PROBLEM DESCRIPTION: Don't include any picture when you restate the data word for word.

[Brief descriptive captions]
- Opening Delimiter -

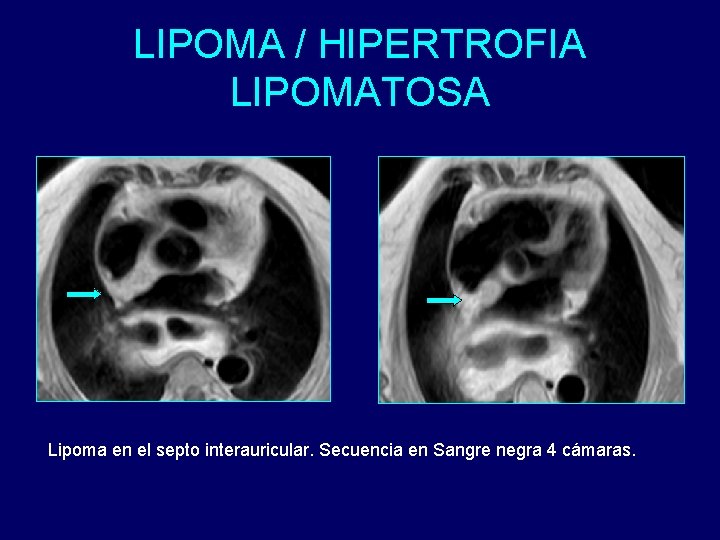 LIPOMA / HIPERTROFIA LIPOMATOSA Lipoma en el septo interauricular. Secuencia en Sangre negra 4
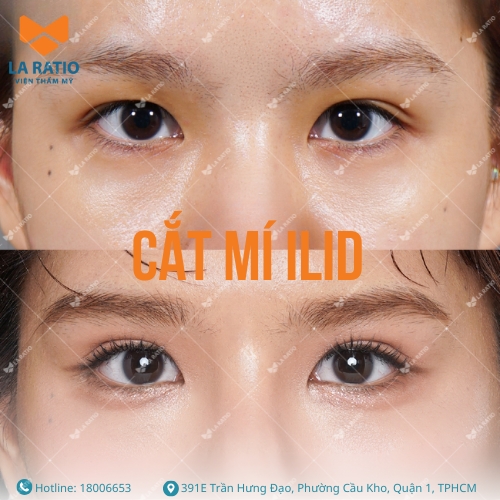 hình ảnh trước và sau khi cắt mí mắt ilid tại la ratio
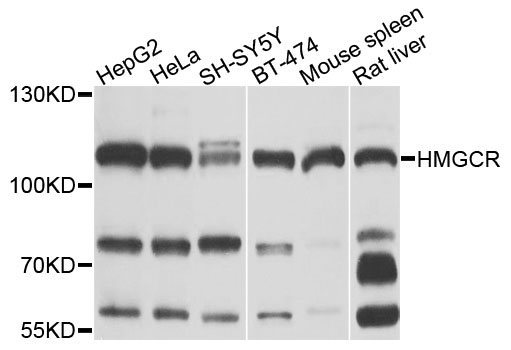 HMG-CoA Reductase / HMGCR Antibody - Western blot analysis of extracts of various cell lines, using HMGCR antibody at 1:1000 dilution. The secondary antibody used was an HRP Goat Anti-Rabbit IgG (H+L) at 1:10000 dilution. Lysates were loaded 25ug per lane and 3% nonfat dry milk in TBST was used for blocking. An ECL Kit was used for detection and the exposure time was 10s.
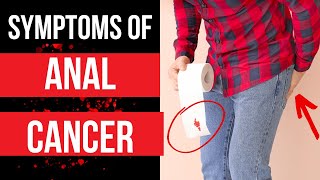 Doctor explains SYMPTOMS OF ANAL CANCER  plus risk factors diagnosis and treatment [upl. by Lyrac]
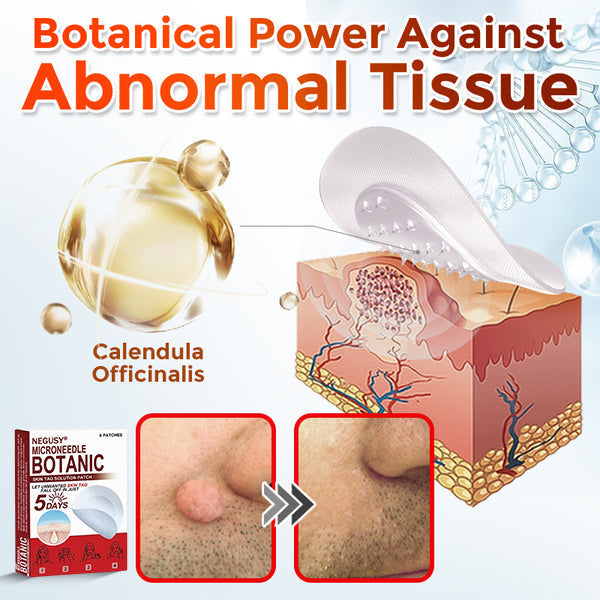Skin Tag & Mole Removal Patches – Buy 1 Get 1 Free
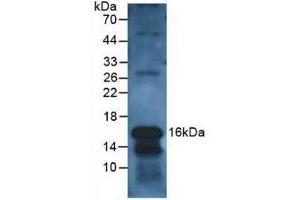 Detection of CLC in Human Leukocyte Cells using Polyclonal Antibody to Charcot Leyden Crystal Protein (CLC) (Galectin 10 anticorps  (AA 2-142))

- Closing Delimiter -

EXERCISE ANSWER:
 LIPOMA / HIPERTROFIA LIPOMATOSA Lipoma en el septo interauricular. Secuencia en Sangre negra 4
 hình ảnh trước và sau khi cắt mí mắt ilid tại la ratio
 HMG-CoA Reductase / HMGCR Antibody - Western blot analysis of extracts of various cell lines, using HMGCR antibody at 1:1000 dilution. The secondary antibody used was an HRP Goat Anti-Rabbit IgG (H+L) at 1:10000 dilution. Lysates were loaded 25ug per lane and 3% nonfat dry milk in TBST was used for blocking. An ECL Kit was used for detection and the exposure time was 10s.
 Doctor explains SYMPTOMS OF ANAL CANCER  plus risk factors diagnosis and treatment [upl. by Lyrac]
Skin Tag & Mole Removal Patches – Buy 1 Get 1 Free
 Detection of CLC in Human Leukocyte Cells using Polyclonal Antibody to Charcot Leyden Crystal Protein (CLC) (Galectin 10 anticorps  (AA 2-142))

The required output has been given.